*About this task:*
Quote the lines below from the one containing "愛猫ベリー's cooksnap of" to the final line, both ends included; exclude the pictures.

*Source records:*
★ ★ ★

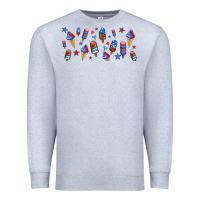 Heather Grey usa ice cream and popsicles Premium Sweatshirt - AdoDesignShop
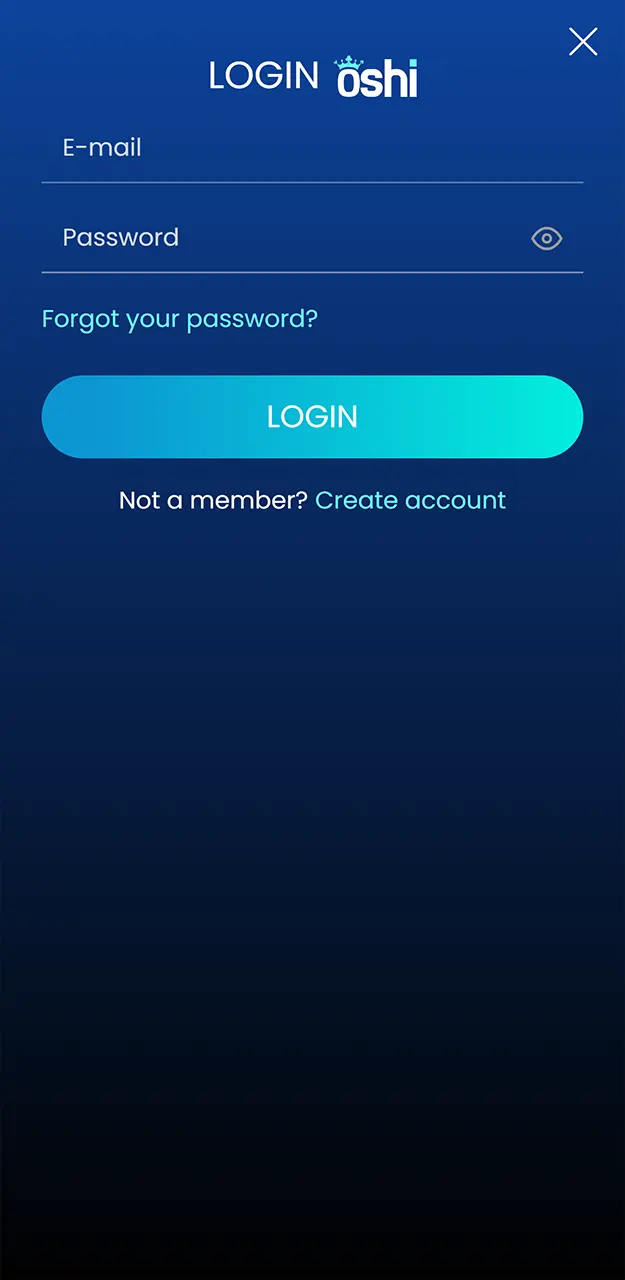 Use your social media profiles for a faster way to enter Oshi Casino.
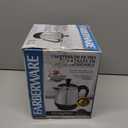 Farberware Electric Coffee Percolator, FCP240, Stainless Steel Basket, Automatic Keep Warm, No-Drip Spout, 4 Cup, Black/Silver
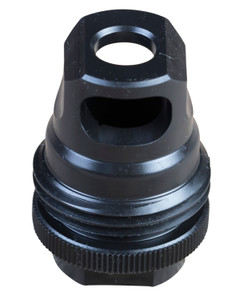 SilencerCo AC2628 ASR Muzzle Brake Black Steel 1/2"-28 Threads 9mm, Luger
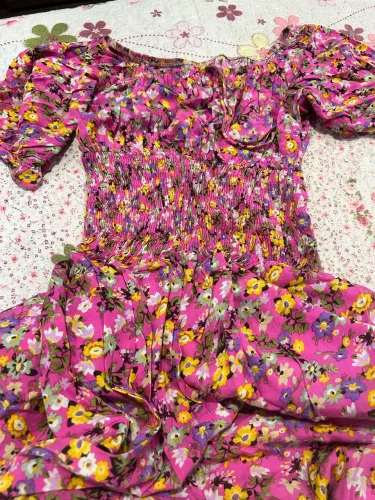 Vestido longo floral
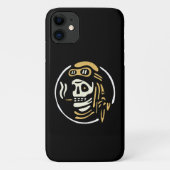  Biker Ghost Pilot Halloween Funny Gift Case-Mate iPhone Case (Achterkant)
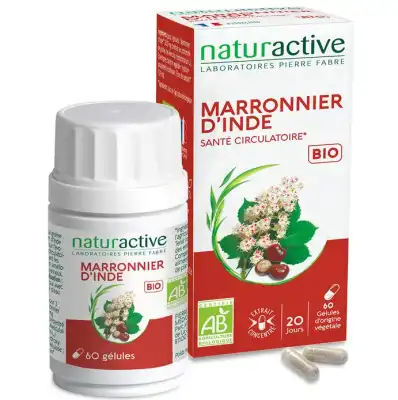 Naturactive Phytotherapie Marronnier D'inde Bio Gélules B/60 à VILLENEUVE-LOUBET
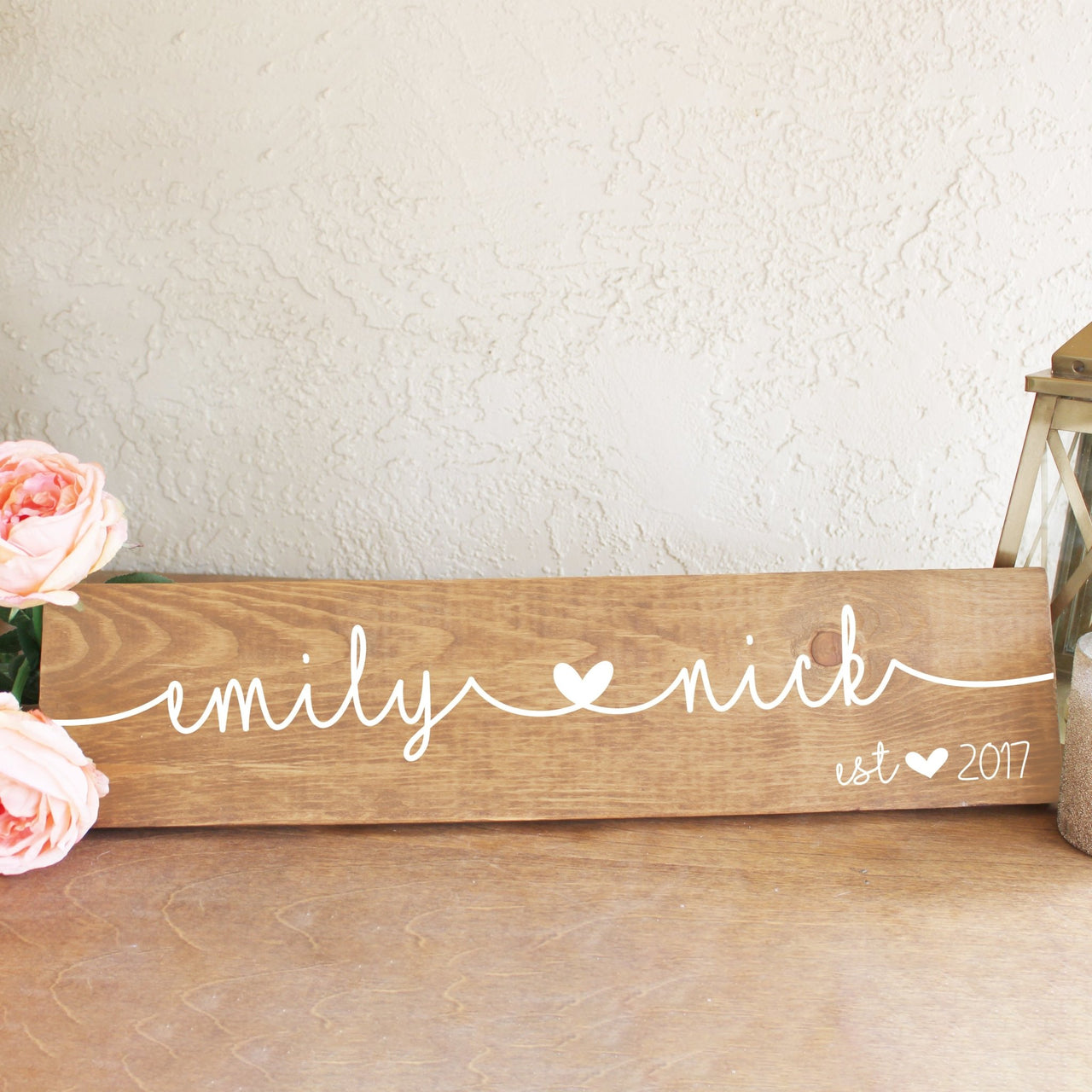 Personalized Anniversary or Wedding Date Wood Sign - Rich Design Co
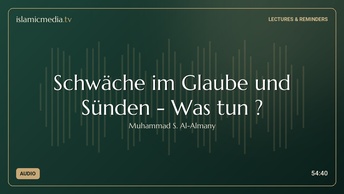 Schwäche im Glaube und Sünden - Was tun ?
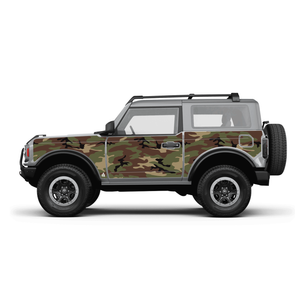 Woodland Camo Action Shield for Ford Bronco 2 Door Woodland Camo Action Shield for Ford Bronco 2 Door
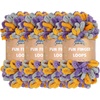 image:imageJubileeYarn Fun Finger Loops Yarn Pink Brown White 100gSkein 4 Skeins  Jumbo Polyester Team Spirit028 Purple Grey Yellow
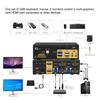 CKLau 2 Port 8K60Hz 4K144Hz Dual Monitor KVM Switch HDMI with Cables, Audio, Microphone, 2 pcs USB 3.0 Peripheral Hub for Keyboard Mouse 2 Computers Sharing 2 Monitors view 2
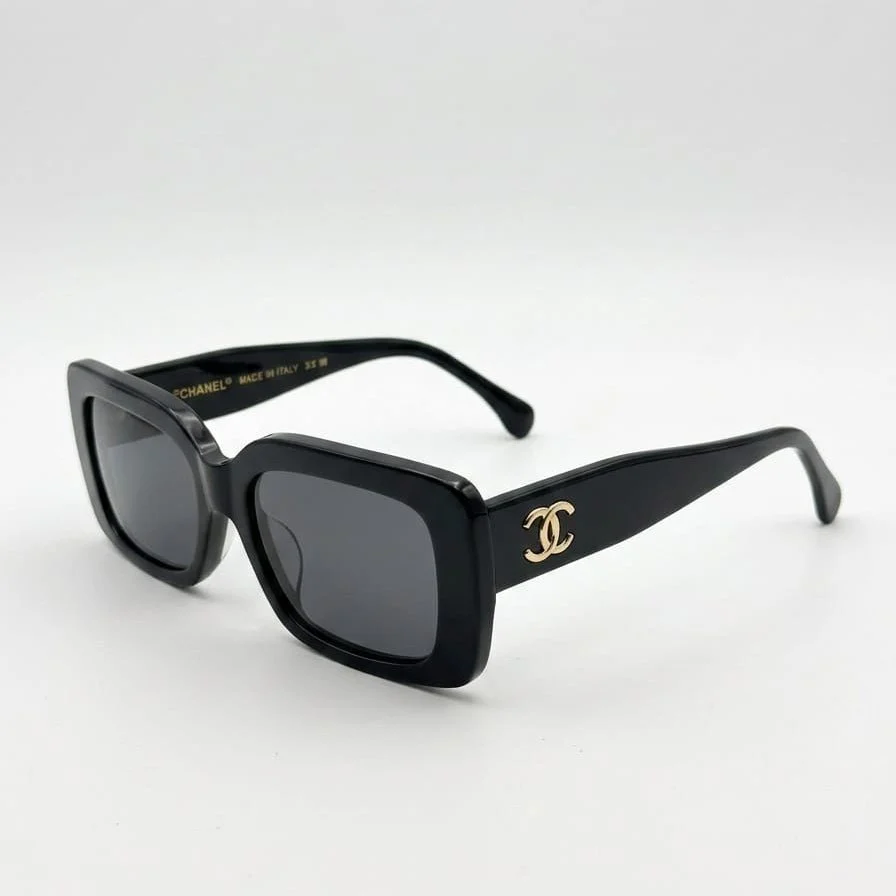 Chanel Square-Frame Signature Logo Sunglasses - Image 2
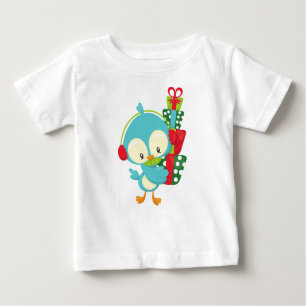 T-shirt Pour Bébé Oiseau de Noël, Oiseau mignon, Cadeaux, Cadeaux, P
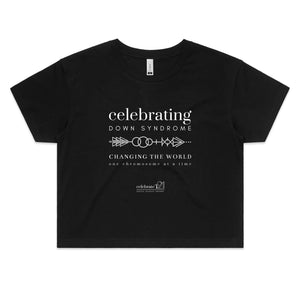 Celebrating DS ARROW Black only - AS Colour - Women's Crop Tee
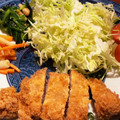 愛猫ベリー's cooksnap of when they made 揚げ方１つでサクフワ☆基本のとんかつ.
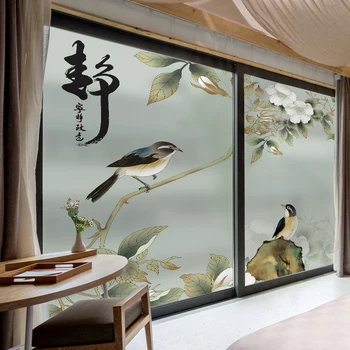 China vânt fereastra de autocolante autocolante sticla transparent opac bar living birou electrostatic sticlă mată film hârtie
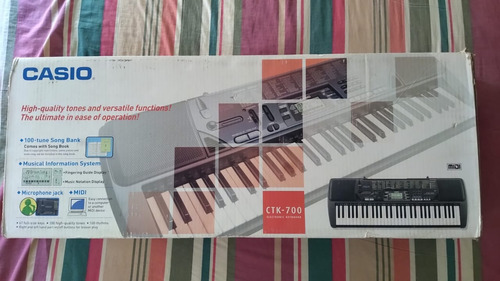 Teclado Musical Casio Standard Ctk-700 61 Teclas. Impecable!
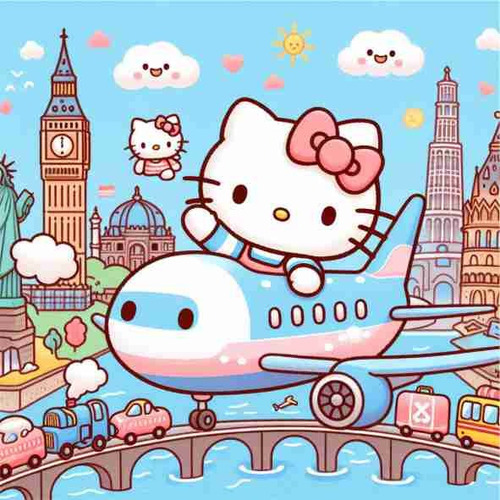 Sticker Calcomania Hello Kitty 10cm X 10cm Laminado P1-g1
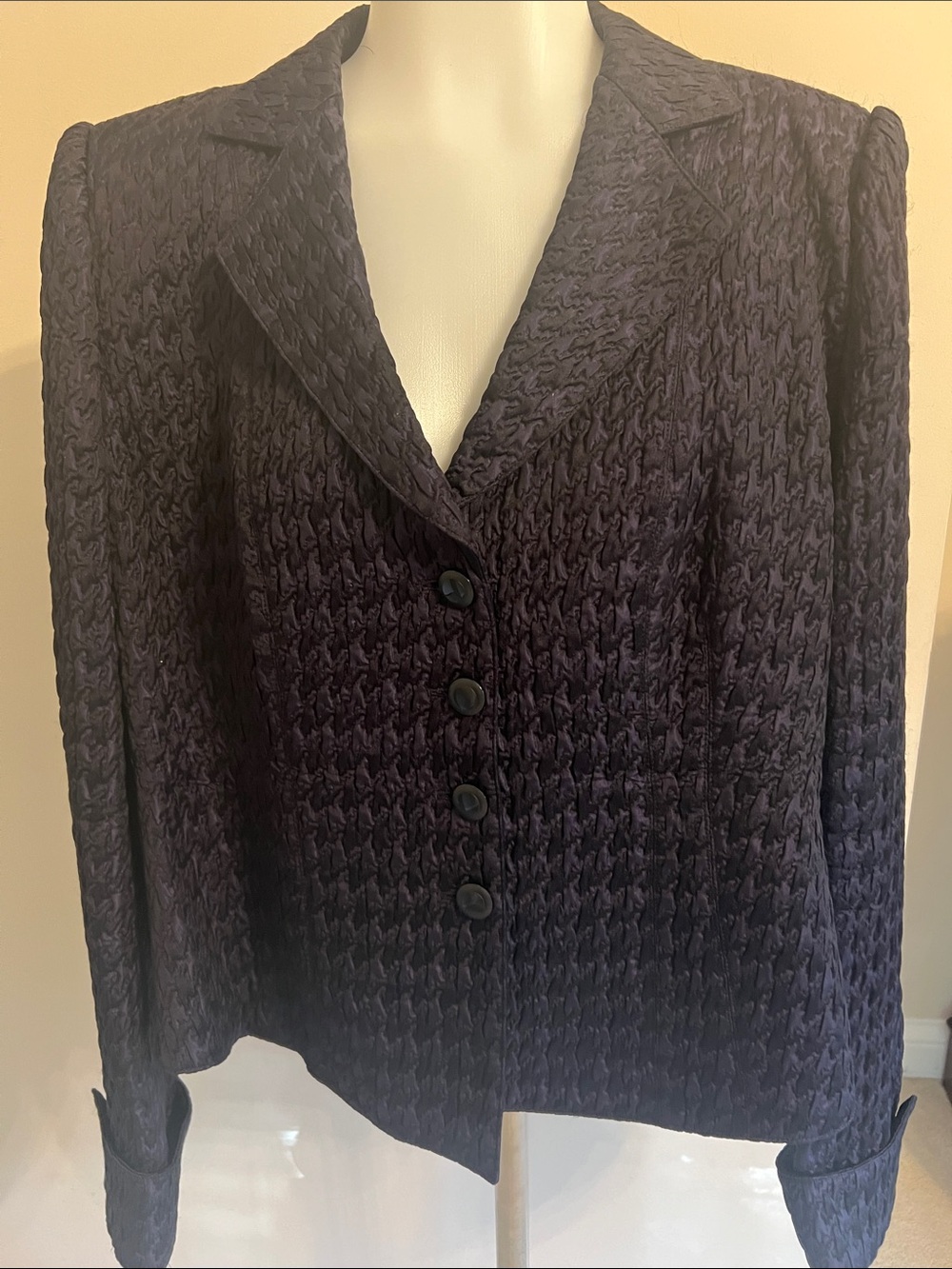 Armani tailored Jacket - Navy/Black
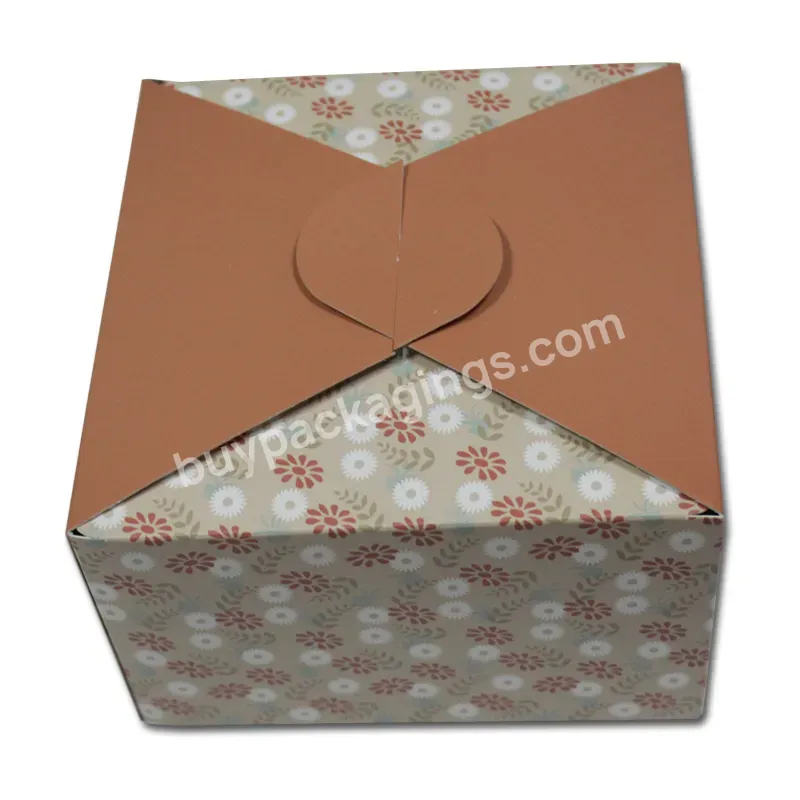 Cheap Popular Cake Packaging Box,Cake Box Cartons Manufacturing Food & Beverage Packaging Recyclable The Custom Customized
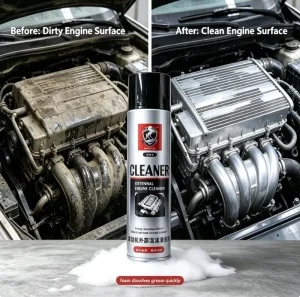 External Engine Foam Cleaner Heavy Duty Degreaser for Engine Surface Grease and Carbon Deposit Remover Car Engine Bay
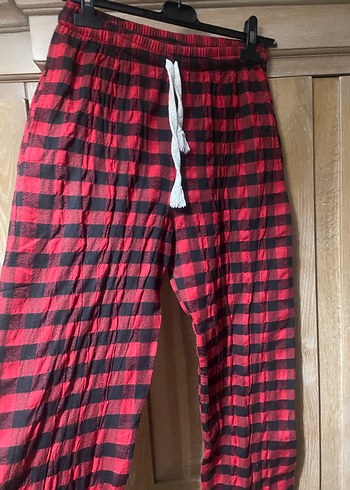 Kırmızı Ekose Rahat Pijama Altı - Görsel 3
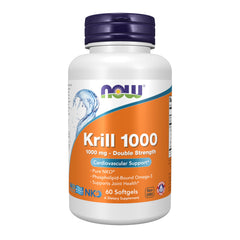 NOW Foods Neptune Krill Oil 1000 mg softgel close-up showing glossy capsule
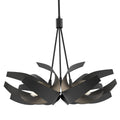 Corona Pendant 6-Light Clear Glass with Frosted Diffuser (YE) in Black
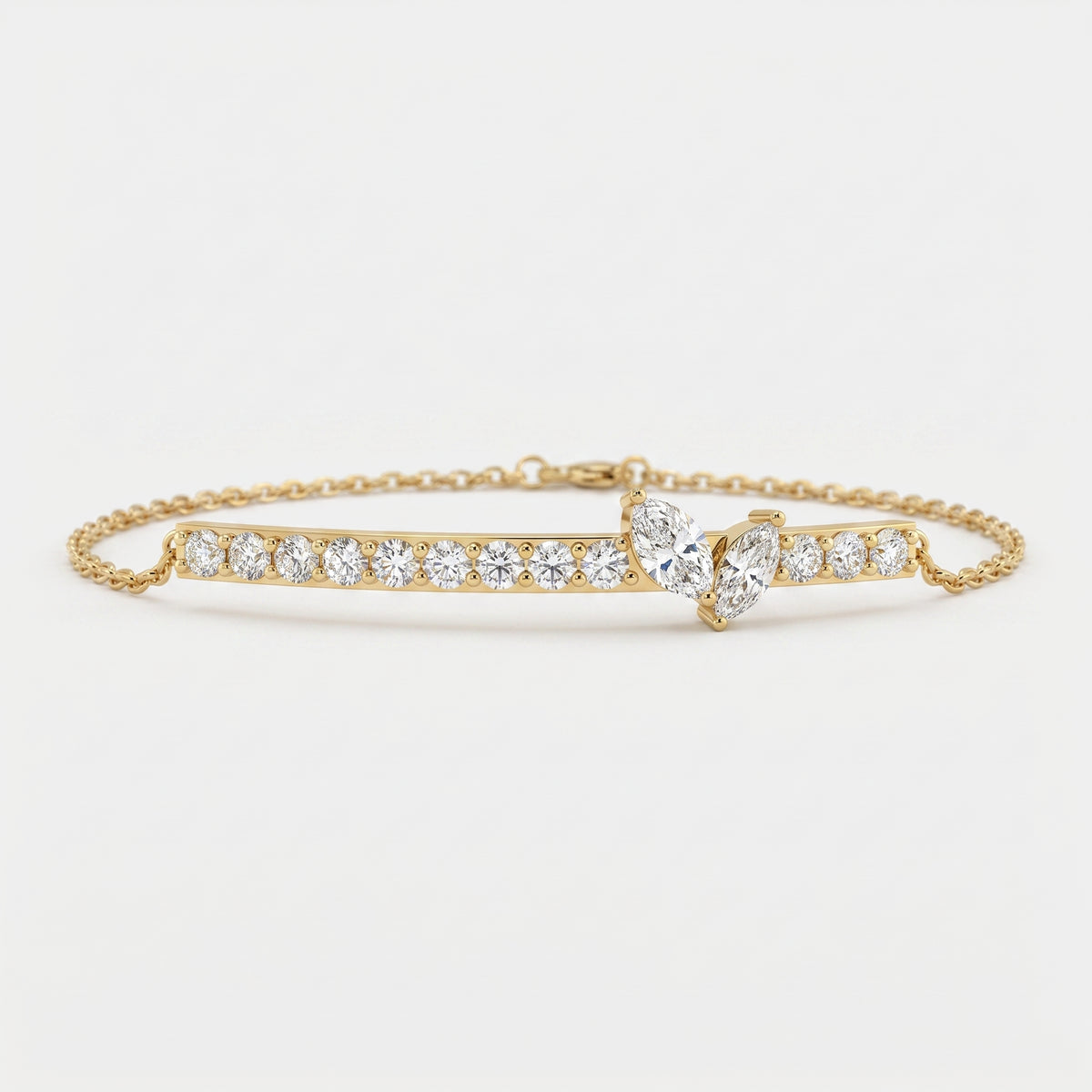 Royal Radiance Pear & marquise Diamond Fashion Bracelet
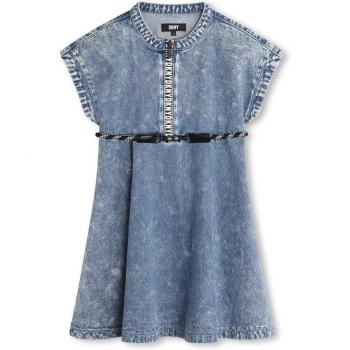 Vestido de niña denim efecto lavado DKNY D60110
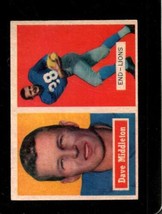 1957 Topps #8 Dave Middleton Ex Lions *X76006 - £2.64 GBP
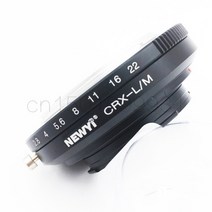 CRX-LM 어댑터 콘트라렉스 렌즈-Leica M L/M M9 M8 M7 M6 M5 For TECHART LM-EA 7, 한개옵션0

★ ★ ★

*Answer below:*
 愛猫ベリー's cooksnap of when they made 揚げ方１つでサクフワ☆基本のとんかつ.
 China vânt fereastra de autocolante autocolante sticla transparent opac bar living birou electrostatic sticlă mată film hârtie
 Teclado Musical Casio Standard Ctk-700 61 Teclas. Impecable!
 Sticker Calcomania Hello Kitty 10cm X 10cm Laminado P1-g1
 Armani tailored Jacket - Navy/Black
 Cheap Popular Cake Packaging Box,Cake Box Cartons Manufacturing Food & Beverage Packaging Recyclable The Custom Customized
 External Engine Foam Cleaner Heavy Duty Degreaser for Engine Surface Grease and Carbon Deposit Remover Car Engine Bay
 Kırmızı Ekose Rahat Pijama Altı - Görsel 3
 NOW Foods Neptune Krill Oil 1000 mg softgel close-up showing glossy capsule
 Corona Pendant 6-Light Clear Glass with Frosted Diffuser (YE) in Black
 Royal Radiance Pear & marquise Diamond Fashion Bracelet
 Vestido de niña denim efecto lavado DKNY D60110
 1957 Topps #8 Dave Middleton Ex Lions *X76006 - £2.64 GBP
 CRX-LM 어댑터 콘트라렉스 렌즈-Leica M L/M M9 M8 M7 M6 M5 For TECHART LM-EA 7, 한개옵션0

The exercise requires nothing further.